##### Data excerpt #####
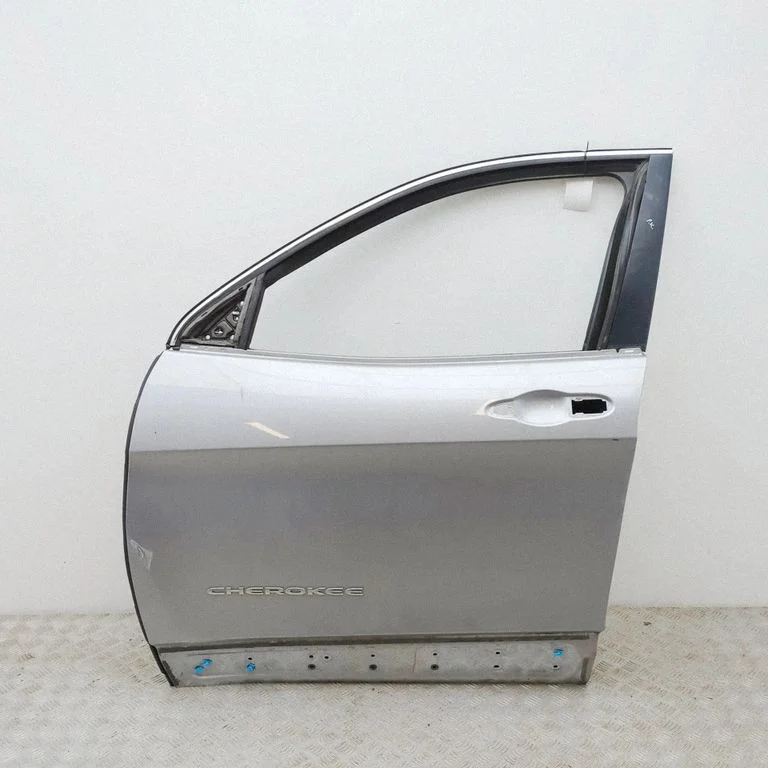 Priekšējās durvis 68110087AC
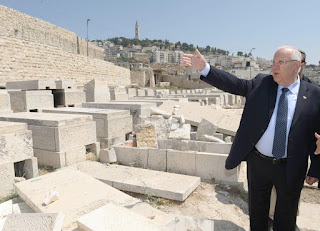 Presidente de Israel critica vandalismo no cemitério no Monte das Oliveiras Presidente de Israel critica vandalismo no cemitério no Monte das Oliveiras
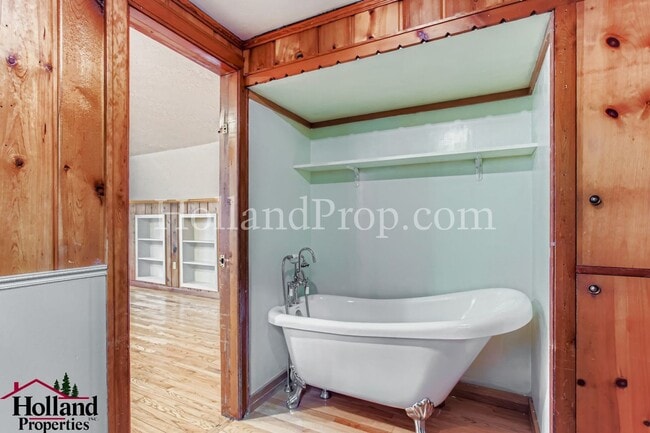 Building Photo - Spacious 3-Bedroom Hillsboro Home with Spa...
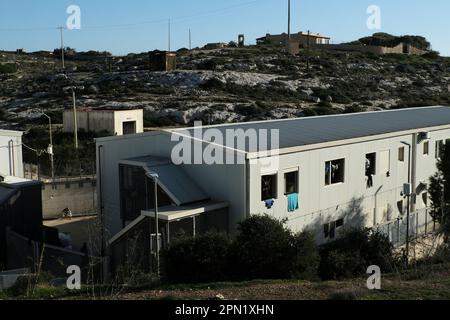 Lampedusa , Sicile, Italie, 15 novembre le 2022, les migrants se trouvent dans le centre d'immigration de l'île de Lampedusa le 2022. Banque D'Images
#####
The copy must match the listing above exactly but contain no pictures.

 Priekšējās durvis 68110087AC
 Presidente de Israel critica vandalismo no cemitério no Monte das Oliveiras Presidente de Israel critica vandalismo no cemitério no Monte das Oliveiras
 Building Photo - Spacious 3-Bedroom Hillsboro Home with Spa...
 Lampedusa , Sicile, Italie, 15 novembre le 2022, les migrants se trouvent dans le centre d'immigration de l'île de Lampedusa le 2022. Banque D'Images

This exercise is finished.